I thought the NAPSTER/Limewire land grab was over, but apparently not, and many people still feel they’re entitled to anything they can get just because it’s easy to do. “My world is music-centric. I’ve only bought 15 CDs in my lifetime. Yet, my entire iTunes library exceeds 11,000 songs,” write the intern Emily White.
See where this is going.
Where did she get all this wonderful music? She got it from friends who copied entire hard drives for her, from CDs she ripped at her college radio station and from music she copied off the internet. She also depends on streaming services like Pandora and Spotify—neither of those are completely free. You can pay for upgraded functionality or use the unpaid ad-supported option.
Here’s the real stinger:
“As I’ve grown up, I’ve come to realize the gravity of what file-sharing means to the musicians I love. I can’t support them with concert tickets and T-shirts alone. But I honestly don’t think my peers and I will ever pay for albums.”

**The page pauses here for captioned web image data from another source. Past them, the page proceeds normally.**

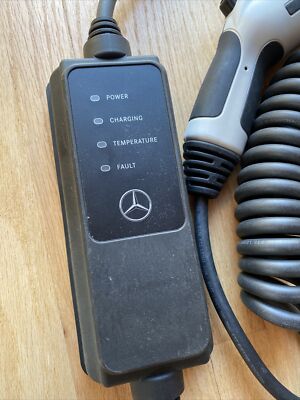 MERCEDES Hybrid EV Charger Delphi Ic-cpd Type G Plug A0005837902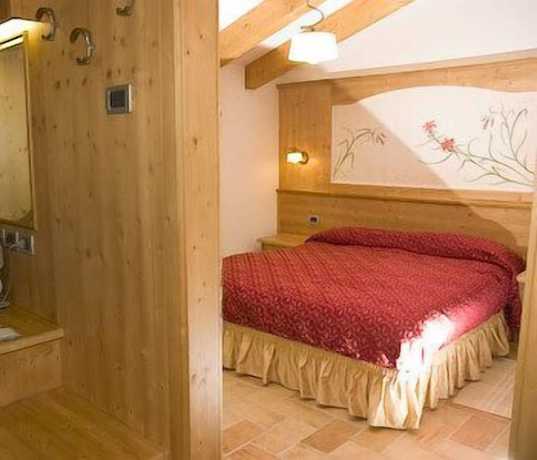 Imagen de la habitación del Hotel Ariston, Patascoss. Foto 13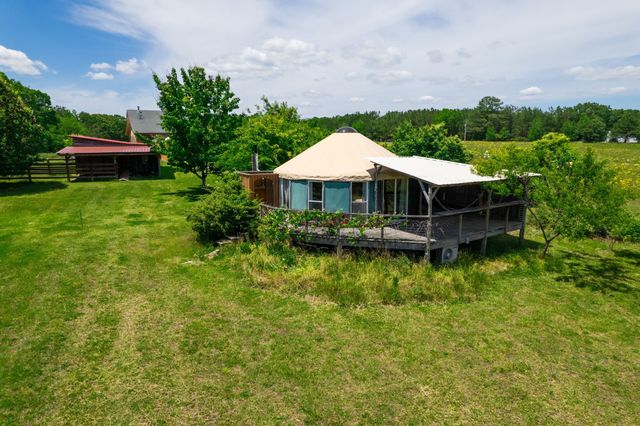 802 Drake Ln, Summertown, TN 38483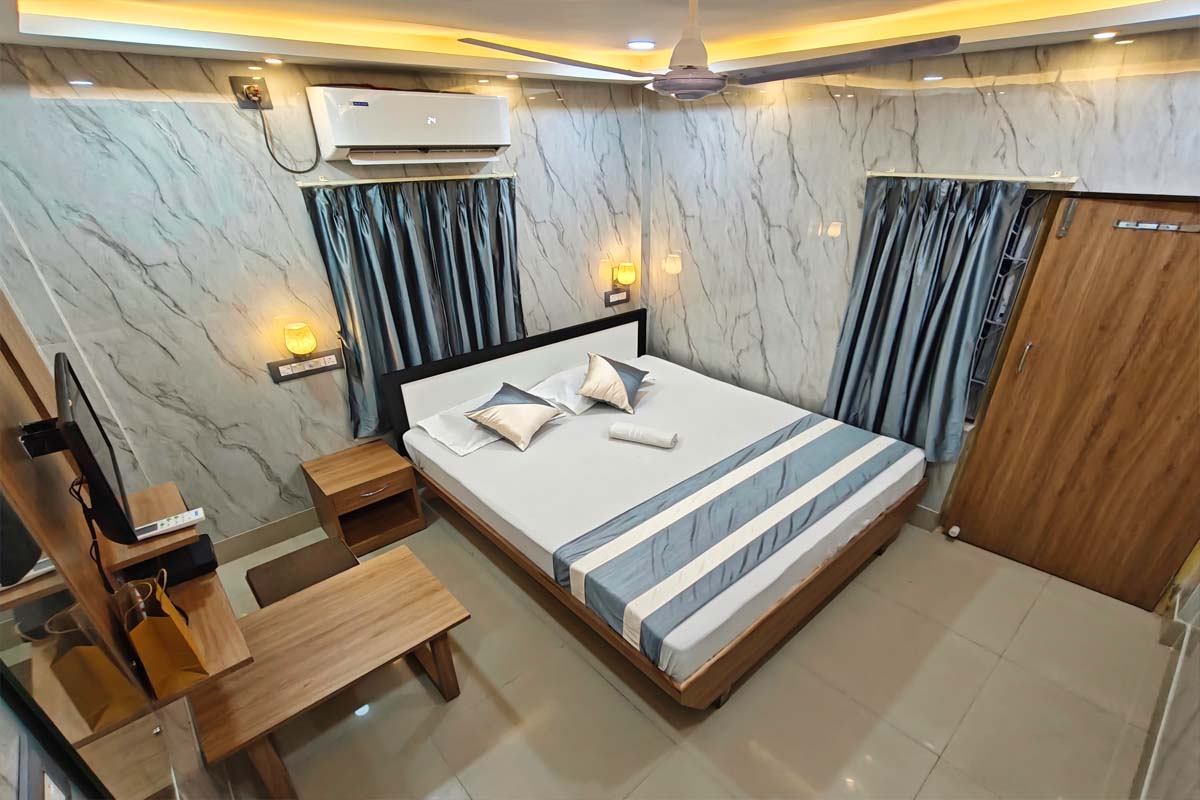 bakkhali hotel near sea beach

Of course, she doesn’t think of most of that music as stolen. If a friend bought the CD and made her a copy, she doesn’t consider her copy illegal. Digital copying has turned a generation of music listeners into cool ninjas who believe that if they can get away with it, it must be OK.
In fact she says she wants artists to be paid (even though she hasn’t done much of that herself). She all for a Spotify-like service that offers everything to anyone and paid all the artists fairly. That’s nice, but it doesn’t change the fact that she’s benefitting from conveience that gives her all the power and makes suckers out of artists.
Let’s not leave electronics manufactures out of this either—products like iPods, smart TVs and, yes, even my beloved Sonos, all contribute to a mindset that music is a free commodity because the hardware (and internet connections) cost so much.
Not surprisingly, her blog has generated a wave of aftershocks on the internets. One of the most interesting rebuttals came from David Lowery of the bands Camper Van Beethoven and Cracker and who is also a lecturer in the University of Georgia’s music business program.
Lowery tells the blogger in his own post at The Trichordist: “I’d suggest to you that, as a 21-year old adult who wants to work in the music business, it is especially important for you to come to grips with these very personal ethical issues.”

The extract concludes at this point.